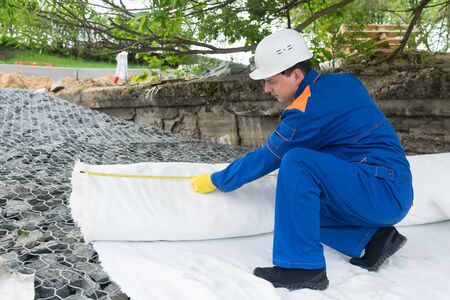 a worker in a workwear hides with a special cloth the bottom of an artificial lake, side view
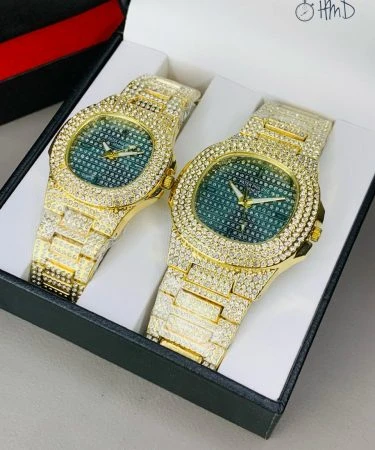Patek Philippe Golden Full Stone Pair Watch, showing intricate detail of the sparkling case and chain with a butterfly master lock, premium quality luxury timepiece.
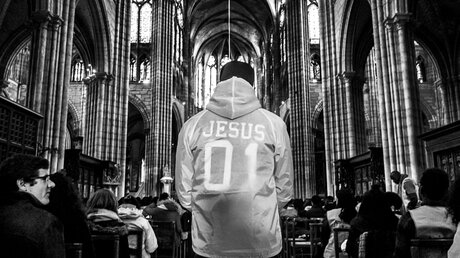 Jugendlicher mit Jesus-Jacke in der Kathedrale des Pariser Vororts Saint-Denis  / © Michael Bunel (KNA)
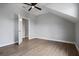 A neutrally decorated bedroom provides wood-look floors and an open door to another room at 1106 Celebration Ave, Celebration, FL 34747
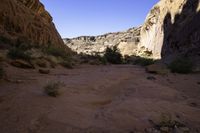 a large rock in a narrow section of sand in the mountains near a river and rocks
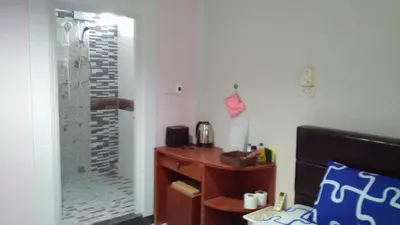 a bedroom with a desk and a glass shower at Bangtao Rooms in Bang Tao Beach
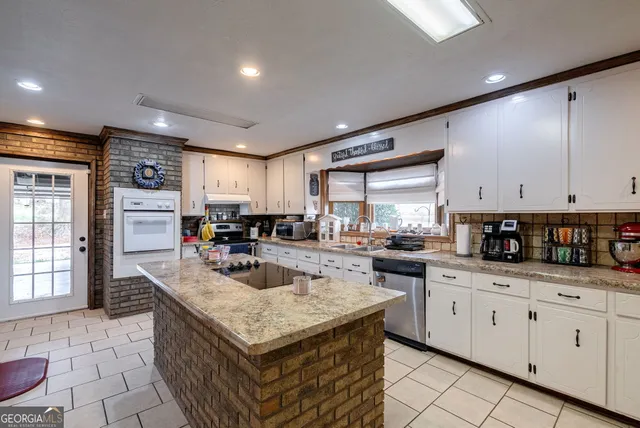 a kitchen with stainless steel appliances granite countertop a lot of counter space cabinets and a window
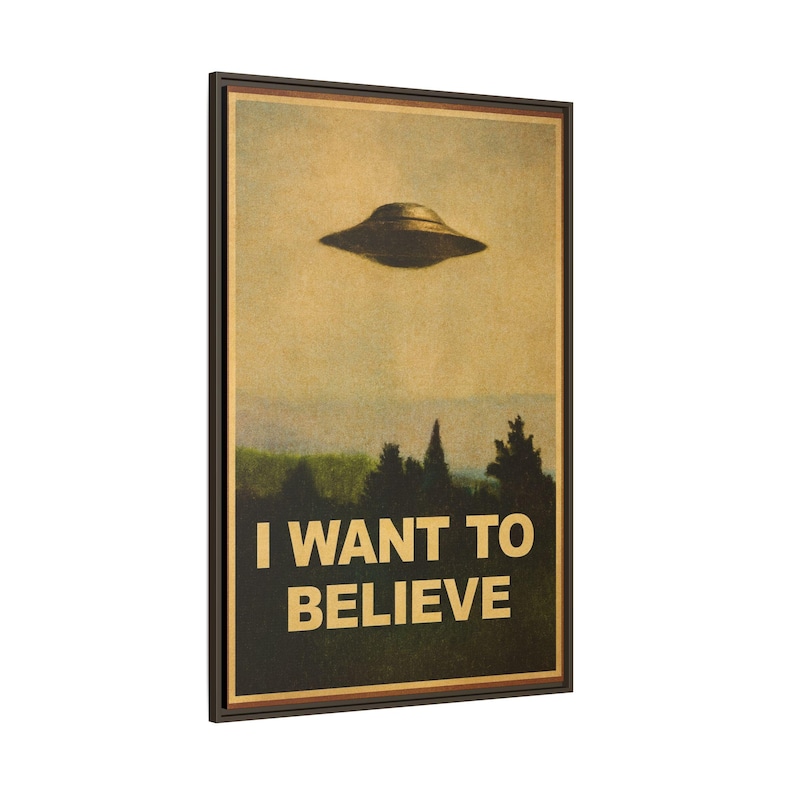 May include: Framed poster featuring a vintage-style image of a UFO hovering above a forest. The text "I WANT TO BELIEVE" is printed in bold, white letters at the bottom. The poster has a brown border.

## TASK PROMPT
With the pictures left out, output exactly the lines from the one with "Jugendlicher mit Jesus-Jacke" through the end of the listing above, both ends included.

## RESPONSE AREA
 Jugendlicher mit Jesus-Jacke in der Kathedrale des Pariser Vororts Saint-Denis  / © Michael Bunel (KNA)
 A neutrally decorated bedroom provides wood-look floors and an open door to another room at 1106 Celebration Ave, Celebration, FL 34747
 a large rock in a narrow section of sand in the mountains near a river and rocks
 a bedroom with a desk and a glass shower at Bangtao Rooms in Bang Tao Beach
 a kitchen with stainless steel appliances granite countertop a lot of counter space cabinets and a window
 May include: Framed poster featuring a vintage-style image of a UFO hovering above a forest. The text "I WANT TO BELIEVE" is printed in bold, white letters at the bottom. The poster has a brown border.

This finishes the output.